1. Technical Field
The present invention relates to a spectroscopic image acquiring apparatus and a spectroscopic image acquiring method.
2. Related Art
In the related art, a Fabry-Perot interference filter (an interference filter) which causes a pair of reflection films to face each other and causes a predetermined wavelength among incident light beams, which is strengthened by being multiply interfered by the pair of reflection films, to transmit therethrough has been known. In addition, an imaging apparatus which is provided with such an interference filter, an imaging element, and an imaging optical system which forms an image on the imaging element by using the light transmitting through the interference filter, and captures a spectroscopic image is known (for example, refer to JP-A-2009-141842).
Incidentally, in an interference filter which is capable of changing a size of a gap between the reflection films, the gap size may be not uniform due to the deflection of a substrate or a reflection film at the time of changing the gap size, a manufacturing error, or the like in some cases.

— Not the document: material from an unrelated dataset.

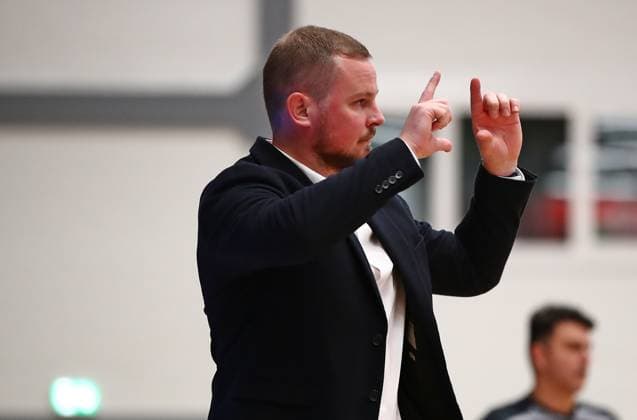 08 10 2025, xmohx, Basketball EuroCup Women, Saarlouis Royals Emlak Konut SK Istanbul Coach Matiss Rozlapa Saarlouis gesticulating DFL DFB REGULATIONS PROHIBIT ANY USE OF PHOTOGRAPHS as IMAGE SEQUENCES and or QUASI VIDEO Saarlouis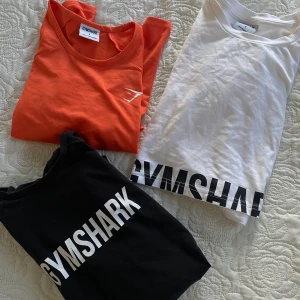 Gymshark tröjor  - Säljer fyra gymshark tröjor. Den orangea och svarta är långärmade, resterande t-shirt. Säljes tillsammans.450kr.  Alla i stl S, förutom den svarta som är i M.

In this case, there is a problem that light beams having different wavelengths arrive at each pixel of the imaging element, and thereby it is difficult to acquire a highly precise spectroscopic image.

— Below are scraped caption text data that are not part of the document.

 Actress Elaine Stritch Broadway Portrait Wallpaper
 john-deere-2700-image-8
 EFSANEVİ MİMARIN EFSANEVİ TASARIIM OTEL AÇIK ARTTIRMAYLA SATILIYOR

In contrast, a method of acquiring the wavelength of the light received in each pixel of each of the imaging elements in advance, and then sequentially changing the size of the gap between the reflection films so as to acquire a predetermined wavelength in each pixel has been considered.
However, in the above-described method, when detecting the light of each target wavelength which transmits through the interference filter by using only a single order of a peak wavelength (for example, a second peak wavelength), if an acquisition target wavelength band is large, the size of the initial gap between the reflection films is required to be large, and thus it is difficult to perform gap control.
In contrast, it is possible to resolve the above problem by setting the acquisition order with respect to the target wavelength among light beams which transmit through the interference filter. For example, a first wavelength band in a range of 400 nm to 600 nm detects the light transmitting through the interference filter as a second peak wavelength, and a second wavelength band in a range of 620 nm to 700 nm detects the light transmitting through the interference filter as a first peak wavelength. However, in this case, the gap size corresponding to each of the target wavelengths is required to be set corresponding to each of the imaging pixels, and thus an amount of change of the gap size (a driving amount) increases, thereby increasing the number of times of measurement. Accordingly, there is a problem in that it takes a long time to perform the measurement.